**Data for processing:**
======

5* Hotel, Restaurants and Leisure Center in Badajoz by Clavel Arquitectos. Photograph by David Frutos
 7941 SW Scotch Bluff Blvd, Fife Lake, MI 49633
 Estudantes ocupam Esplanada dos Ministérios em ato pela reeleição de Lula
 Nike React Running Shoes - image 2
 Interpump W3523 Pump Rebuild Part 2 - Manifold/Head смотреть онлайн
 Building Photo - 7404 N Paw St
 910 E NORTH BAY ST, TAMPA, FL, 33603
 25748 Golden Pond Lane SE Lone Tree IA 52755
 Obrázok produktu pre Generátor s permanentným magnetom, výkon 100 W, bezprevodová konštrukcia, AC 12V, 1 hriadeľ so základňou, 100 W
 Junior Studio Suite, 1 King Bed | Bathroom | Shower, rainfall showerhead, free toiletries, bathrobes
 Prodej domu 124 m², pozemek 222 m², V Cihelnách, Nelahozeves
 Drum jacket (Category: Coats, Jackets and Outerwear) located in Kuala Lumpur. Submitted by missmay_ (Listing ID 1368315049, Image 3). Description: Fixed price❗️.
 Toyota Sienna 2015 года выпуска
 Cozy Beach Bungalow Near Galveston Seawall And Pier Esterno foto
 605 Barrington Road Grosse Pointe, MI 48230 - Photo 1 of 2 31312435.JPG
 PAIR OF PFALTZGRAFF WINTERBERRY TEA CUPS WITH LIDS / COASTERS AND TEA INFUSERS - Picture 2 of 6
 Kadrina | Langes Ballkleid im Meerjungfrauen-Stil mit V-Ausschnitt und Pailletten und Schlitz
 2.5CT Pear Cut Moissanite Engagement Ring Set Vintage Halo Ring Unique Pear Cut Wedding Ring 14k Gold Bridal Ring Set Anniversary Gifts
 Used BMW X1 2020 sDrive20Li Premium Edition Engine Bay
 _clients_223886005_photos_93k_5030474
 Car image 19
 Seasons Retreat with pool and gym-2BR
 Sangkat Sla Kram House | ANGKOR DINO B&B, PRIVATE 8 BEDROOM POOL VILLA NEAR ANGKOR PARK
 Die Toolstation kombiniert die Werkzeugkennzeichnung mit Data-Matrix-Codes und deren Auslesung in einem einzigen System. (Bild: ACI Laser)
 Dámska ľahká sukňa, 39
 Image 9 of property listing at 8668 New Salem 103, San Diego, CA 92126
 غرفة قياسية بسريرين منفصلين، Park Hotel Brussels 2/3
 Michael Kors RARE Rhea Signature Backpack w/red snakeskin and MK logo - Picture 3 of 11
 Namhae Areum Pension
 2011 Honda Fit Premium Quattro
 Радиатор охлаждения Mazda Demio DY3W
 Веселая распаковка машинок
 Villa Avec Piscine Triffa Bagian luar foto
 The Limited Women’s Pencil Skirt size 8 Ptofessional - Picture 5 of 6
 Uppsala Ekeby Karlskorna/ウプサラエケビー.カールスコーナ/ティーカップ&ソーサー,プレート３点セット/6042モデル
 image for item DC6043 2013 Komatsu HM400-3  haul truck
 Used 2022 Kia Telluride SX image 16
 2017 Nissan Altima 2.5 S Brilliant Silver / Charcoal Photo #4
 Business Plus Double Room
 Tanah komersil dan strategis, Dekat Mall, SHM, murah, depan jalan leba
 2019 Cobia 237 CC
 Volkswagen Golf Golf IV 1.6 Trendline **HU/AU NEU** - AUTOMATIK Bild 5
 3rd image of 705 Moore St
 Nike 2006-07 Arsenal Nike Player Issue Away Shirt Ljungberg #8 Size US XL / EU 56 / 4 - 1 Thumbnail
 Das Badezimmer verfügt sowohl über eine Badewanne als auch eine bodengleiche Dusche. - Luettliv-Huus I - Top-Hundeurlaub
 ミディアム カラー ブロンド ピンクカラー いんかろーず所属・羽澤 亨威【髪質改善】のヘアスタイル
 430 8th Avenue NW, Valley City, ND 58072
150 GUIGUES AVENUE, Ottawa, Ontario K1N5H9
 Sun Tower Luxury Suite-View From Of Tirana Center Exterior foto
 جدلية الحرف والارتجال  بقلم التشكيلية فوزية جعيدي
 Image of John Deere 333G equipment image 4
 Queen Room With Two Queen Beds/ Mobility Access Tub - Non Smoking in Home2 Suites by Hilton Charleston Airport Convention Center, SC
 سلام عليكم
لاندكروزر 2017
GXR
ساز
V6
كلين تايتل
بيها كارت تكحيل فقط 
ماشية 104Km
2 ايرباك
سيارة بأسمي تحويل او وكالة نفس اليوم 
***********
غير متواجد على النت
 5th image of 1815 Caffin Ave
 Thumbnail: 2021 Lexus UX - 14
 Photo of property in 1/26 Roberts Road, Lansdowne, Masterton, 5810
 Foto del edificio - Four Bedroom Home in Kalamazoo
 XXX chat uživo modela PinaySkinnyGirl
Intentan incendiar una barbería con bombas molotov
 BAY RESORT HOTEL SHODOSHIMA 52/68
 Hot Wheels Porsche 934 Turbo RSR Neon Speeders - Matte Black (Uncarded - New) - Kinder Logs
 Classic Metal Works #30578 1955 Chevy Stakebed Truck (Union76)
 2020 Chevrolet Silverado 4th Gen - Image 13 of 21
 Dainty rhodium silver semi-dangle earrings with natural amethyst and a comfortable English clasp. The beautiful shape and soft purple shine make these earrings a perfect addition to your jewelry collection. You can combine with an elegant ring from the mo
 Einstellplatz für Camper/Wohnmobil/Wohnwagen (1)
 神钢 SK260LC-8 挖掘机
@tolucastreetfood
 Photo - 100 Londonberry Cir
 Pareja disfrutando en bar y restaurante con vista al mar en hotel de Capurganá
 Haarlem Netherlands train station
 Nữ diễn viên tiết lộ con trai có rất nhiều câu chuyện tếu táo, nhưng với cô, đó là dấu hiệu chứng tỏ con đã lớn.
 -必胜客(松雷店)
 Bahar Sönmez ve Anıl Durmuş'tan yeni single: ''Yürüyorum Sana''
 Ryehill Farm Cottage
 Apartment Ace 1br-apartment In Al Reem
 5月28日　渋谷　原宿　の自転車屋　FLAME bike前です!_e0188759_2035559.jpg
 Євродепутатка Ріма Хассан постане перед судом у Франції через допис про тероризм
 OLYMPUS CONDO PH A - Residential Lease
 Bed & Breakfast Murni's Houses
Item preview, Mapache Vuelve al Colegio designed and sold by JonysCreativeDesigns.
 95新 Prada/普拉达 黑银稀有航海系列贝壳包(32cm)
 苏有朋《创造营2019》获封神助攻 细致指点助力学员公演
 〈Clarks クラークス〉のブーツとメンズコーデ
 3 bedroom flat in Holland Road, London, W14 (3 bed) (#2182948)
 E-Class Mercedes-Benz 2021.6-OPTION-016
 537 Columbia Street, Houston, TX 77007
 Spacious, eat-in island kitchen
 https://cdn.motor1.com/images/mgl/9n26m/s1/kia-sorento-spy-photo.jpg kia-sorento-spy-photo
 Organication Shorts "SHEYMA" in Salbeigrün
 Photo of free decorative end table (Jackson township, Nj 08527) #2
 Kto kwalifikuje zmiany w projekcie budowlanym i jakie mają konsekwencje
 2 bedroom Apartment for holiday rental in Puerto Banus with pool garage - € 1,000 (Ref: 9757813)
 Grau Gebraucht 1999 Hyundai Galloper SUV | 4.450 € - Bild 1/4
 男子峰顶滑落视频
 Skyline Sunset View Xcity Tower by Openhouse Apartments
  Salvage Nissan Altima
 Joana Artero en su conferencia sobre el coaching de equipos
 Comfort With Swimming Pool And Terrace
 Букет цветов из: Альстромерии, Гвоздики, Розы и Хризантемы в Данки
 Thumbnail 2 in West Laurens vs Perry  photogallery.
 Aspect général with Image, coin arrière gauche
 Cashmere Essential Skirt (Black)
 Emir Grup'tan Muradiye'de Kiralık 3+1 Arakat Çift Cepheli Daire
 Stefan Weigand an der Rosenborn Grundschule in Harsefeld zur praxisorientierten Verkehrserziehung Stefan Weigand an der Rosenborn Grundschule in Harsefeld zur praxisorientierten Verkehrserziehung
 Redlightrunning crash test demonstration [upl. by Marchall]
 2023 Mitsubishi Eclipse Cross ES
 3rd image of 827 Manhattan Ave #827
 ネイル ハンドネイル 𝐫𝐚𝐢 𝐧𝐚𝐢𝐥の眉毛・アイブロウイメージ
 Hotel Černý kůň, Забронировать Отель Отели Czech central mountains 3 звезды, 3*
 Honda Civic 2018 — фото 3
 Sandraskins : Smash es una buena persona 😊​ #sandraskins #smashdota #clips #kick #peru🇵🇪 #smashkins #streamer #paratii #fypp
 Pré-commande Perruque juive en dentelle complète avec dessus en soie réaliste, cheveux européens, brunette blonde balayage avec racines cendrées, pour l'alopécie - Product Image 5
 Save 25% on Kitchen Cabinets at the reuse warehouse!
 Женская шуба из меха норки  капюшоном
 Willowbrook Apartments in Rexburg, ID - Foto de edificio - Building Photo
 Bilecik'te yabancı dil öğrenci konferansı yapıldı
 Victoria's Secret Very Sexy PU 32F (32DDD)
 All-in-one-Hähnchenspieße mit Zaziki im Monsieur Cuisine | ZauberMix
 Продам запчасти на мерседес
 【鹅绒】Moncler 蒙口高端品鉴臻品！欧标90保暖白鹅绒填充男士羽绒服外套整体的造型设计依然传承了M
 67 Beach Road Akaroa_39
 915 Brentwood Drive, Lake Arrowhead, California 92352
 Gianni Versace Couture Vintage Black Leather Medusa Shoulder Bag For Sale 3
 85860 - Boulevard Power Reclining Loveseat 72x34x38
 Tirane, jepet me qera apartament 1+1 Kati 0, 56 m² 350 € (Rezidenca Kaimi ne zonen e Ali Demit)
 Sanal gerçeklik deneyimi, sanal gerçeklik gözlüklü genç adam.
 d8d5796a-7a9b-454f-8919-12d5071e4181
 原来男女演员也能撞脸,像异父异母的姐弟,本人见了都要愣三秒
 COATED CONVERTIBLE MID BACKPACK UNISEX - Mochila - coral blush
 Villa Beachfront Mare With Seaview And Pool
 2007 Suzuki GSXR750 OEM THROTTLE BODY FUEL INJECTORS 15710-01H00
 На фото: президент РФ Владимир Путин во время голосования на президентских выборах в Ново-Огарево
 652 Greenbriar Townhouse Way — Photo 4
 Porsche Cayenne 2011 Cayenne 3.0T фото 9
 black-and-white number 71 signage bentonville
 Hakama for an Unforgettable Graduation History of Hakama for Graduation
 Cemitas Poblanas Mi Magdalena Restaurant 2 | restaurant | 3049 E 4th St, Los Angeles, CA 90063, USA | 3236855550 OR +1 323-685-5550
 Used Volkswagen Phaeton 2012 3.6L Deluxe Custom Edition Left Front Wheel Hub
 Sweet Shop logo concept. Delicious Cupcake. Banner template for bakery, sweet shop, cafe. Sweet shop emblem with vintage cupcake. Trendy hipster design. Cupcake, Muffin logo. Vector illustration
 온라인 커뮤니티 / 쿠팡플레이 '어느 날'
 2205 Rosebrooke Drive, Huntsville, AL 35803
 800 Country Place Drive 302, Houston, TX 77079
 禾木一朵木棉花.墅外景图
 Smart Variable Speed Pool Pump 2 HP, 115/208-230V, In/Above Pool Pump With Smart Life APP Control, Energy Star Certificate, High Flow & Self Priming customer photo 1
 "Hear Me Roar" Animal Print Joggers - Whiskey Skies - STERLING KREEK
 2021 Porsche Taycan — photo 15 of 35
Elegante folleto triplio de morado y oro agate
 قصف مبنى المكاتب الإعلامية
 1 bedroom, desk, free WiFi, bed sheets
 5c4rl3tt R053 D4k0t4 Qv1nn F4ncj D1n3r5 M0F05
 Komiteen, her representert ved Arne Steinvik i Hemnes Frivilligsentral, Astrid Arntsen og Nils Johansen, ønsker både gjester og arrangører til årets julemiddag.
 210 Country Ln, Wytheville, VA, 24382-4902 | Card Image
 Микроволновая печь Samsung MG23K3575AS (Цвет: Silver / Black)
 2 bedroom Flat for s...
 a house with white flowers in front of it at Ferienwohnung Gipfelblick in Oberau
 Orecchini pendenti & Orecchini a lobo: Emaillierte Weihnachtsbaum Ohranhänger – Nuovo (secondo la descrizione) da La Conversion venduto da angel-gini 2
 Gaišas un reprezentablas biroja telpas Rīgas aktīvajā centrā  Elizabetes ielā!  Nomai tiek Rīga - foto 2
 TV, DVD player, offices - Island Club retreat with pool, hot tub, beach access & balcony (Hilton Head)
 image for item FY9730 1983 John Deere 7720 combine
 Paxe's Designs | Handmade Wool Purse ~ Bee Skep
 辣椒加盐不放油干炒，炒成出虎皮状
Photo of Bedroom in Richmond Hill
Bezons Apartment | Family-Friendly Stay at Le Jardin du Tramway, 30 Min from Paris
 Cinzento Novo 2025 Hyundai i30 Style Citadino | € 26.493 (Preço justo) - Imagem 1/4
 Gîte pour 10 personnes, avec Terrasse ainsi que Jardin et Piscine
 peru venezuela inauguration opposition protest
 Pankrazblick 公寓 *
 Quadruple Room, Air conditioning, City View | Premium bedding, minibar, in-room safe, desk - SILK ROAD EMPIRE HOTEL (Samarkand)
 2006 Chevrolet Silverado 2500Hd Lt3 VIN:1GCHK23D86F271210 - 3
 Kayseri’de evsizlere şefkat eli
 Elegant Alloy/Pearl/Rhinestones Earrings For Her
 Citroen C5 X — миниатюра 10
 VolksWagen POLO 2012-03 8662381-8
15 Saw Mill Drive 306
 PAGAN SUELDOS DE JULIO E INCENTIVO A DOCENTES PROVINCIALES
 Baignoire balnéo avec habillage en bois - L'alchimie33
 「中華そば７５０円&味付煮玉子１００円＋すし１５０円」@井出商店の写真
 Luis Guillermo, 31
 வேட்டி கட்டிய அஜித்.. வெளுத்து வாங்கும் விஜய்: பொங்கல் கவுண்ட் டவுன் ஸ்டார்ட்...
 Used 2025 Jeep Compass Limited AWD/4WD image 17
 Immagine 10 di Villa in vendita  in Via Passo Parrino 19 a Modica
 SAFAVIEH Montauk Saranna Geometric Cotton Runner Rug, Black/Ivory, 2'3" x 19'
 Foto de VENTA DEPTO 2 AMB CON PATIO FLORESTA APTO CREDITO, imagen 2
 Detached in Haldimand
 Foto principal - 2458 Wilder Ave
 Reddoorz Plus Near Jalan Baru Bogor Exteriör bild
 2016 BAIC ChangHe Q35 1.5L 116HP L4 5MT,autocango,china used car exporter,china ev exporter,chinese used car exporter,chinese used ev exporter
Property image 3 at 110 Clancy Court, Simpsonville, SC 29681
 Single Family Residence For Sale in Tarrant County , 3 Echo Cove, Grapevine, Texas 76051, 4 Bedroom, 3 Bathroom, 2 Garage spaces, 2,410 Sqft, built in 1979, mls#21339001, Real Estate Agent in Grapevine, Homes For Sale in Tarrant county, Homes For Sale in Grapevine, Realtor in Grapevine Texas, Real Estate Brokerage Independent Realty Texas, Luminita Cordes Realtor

======

**Work to complete:**
Restate, word for word, the final stretch of the entries above: the line containing "Reddoorz Plus Near" and every line after it, up to and including the last.

**Response to this task:**
 Reddoorz Plus Near Jalan Baru Bogor Exteriör bild
 2016 BAIC ChangHe Q35 1.5L 116HP L4 5MT,autocango,china used car exporter,china ev exporter,chinese used car exporter,chinese used ev exporter
Property image 3 at 110 Clancy Court, Simpsonville, SC 29681
 Single Family Residence For Sale in Tarrant County , 3 Echo Cove, Grapevine, Texas 76051, 4 Bedroom, 3 Bathroom, 2 Garage spaces, 2,410 Sqft, built in 1979, mls#21339001, Real Estate Agent in Grapevine, Homes For Sale in Tarrant county, Homes For Sale in Grapevine, Realtor in Grapevine Texas, Real Estate Brokerage Independent Realty Texas, Luminita Cordes Realtor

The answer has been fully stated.